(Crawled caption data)

· · · · ·

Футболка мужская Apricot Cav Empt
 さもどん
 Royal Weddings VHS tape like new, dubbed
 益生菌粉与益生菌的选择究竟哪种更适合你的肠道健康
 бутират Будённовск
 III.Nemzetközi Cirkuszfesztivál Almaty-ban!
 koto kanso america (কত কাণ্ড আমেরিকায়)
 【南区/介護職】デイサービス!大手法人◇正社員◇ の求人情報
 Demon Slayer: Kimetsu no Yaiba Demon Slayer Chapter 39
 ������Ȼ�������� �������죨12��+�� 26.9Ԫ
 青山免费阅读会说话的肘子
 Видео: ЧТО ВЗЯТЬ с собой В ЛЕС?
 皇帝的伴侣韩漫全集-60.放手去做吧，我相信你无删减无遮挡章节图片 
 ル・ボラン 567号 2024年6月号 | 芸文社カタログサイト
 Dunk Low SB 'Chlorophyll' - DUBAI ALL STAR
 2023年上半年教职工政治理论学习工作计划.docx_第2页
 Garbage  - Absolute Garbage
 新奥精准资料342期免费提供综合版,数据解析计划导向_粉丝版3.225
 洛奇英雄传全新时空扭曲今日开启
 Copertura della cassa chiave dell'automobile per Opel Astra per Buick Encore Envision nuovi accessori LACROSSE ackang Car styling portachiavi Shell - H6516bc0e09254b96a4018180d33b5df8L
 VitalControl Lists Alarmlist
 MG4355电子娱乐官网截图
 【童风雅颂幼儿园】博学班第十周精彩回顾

· · · · ·

▶ [Work instructions]
From the records above, give again exactly the lines running from the line with "皇帝的伴侣韩漫全集-60.放手去做吧，我相信你无删减无遮挡章节图片" to the line with "洛奇英雄传全新时空扭曲今日开启", inclusive.

▶ [Result for this exercise]
 皇帝的伴侣韩漫全集-60.放手去做吧，我相信你无删减无遮挡章节图片 
 ル・ボラン 567号 2024年6月号 | 芸文社カタログサイト
 Dunk Low SB 'Chlorophyll' - DUBAI ALL STAR
 2023年上半年教职工政治理论学习工作计划.docx_第2页
 Garbage  - Absolute Garbage
 新奥精准资料342期免费提供综合版,数据解析计划导向_粉丝版3.225
 洛奇英雄传全新时空扭曲今日开启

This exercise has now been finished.